# (DIY) Throttle Position Sensor 00' Maxima, I30



## sic75 (Nov 15, 2011)

I was told I needed to change the throttle Position Sensor for my 2000 Infiniti I30t with 220,000 miles. I have an infiniti I30 but I know more people have maximas and I need help right away. My car will sometimes turn off as soon as I start it. To fight this I have to press the accelerator to prevent it from stalling. Also sometimes when coming off the freeway to a red traffic light it wants to shut off and low RPMs. So I bought a after market direct fit TP Sensor.

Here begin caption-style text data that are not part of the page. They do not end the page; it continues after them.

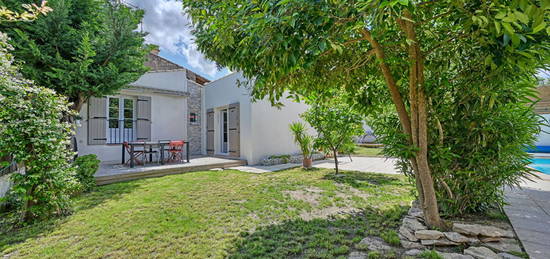 Jolie maison rénovée avec jardin et piscine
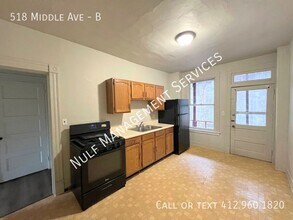 518 Middle Ave in Wilmerding, PA - Building Photo - Building Photo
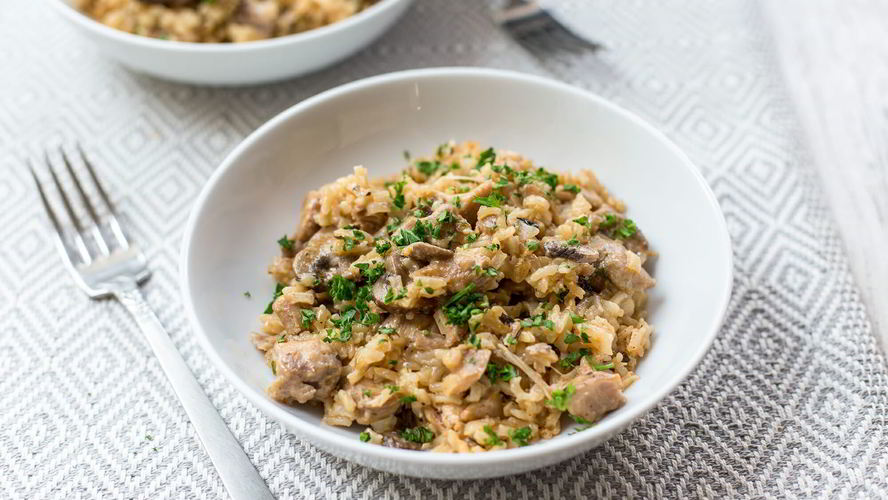 Рецепт риса с курицей и грибами в скороварке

I want to do this my self since it seems fairly easy to just change out but now I have read that it may need to be adjusted somehow. Also maybe the original could be just out of adjustment. 

Can I just swap out the sensor or does it need to be adjusted? If so how do I go about doing that? Should I even try to do this my self?

Thank you for your help.


----------



## smj999smj (Jan 1, 2006)

Your TPS has a learned setting for the closed throttle position switch, unlike earlier Nissans that had a hard setting. First, I like to clean out the throttle body before adjusting to make sure the throttle plate isn't sticking, which will throw off the closed setting. The vehicle should also be fully warmed up to operating temperature. You'll need a set of feeler gauges and an ohmmeter or multimeter, as well, and a scantool to monitor the closed throttle position. I'm not 100% sure of the spec for the 00 I30t; it would be in the EC section of the service manual under "basic inspection." I'm pretty certain it's the same as the 98 Maxima, which requires 0.012" and 0.016" feeler gauges. The feeler gauges will be installed between the throttle drum stop and the throttle adjusting screw. The throttle position switch harness connector will need to be unplugged and the leads of the ohmmeter attached to pins #4 and #5 of the throttle position switch. With the thinner gauge installed, there should be continuity; with the thicker gauge installed, there should be no continuity. Once set, the leads can be removed and connector plugged back into the throttle position switch. At this point, the closed throttle position setting will need to relearned. Start engine and warm to normal operating temperature and shut off. WHile monitoring the closed throttle position switch via a scantool, turn the key "on" for at least 5 seconds and "off" for at least ten seconds. Repeat this cycle until the closed throttle switch monitor changes to "ON." You may have to repeat the cycle up to 16 times.


----------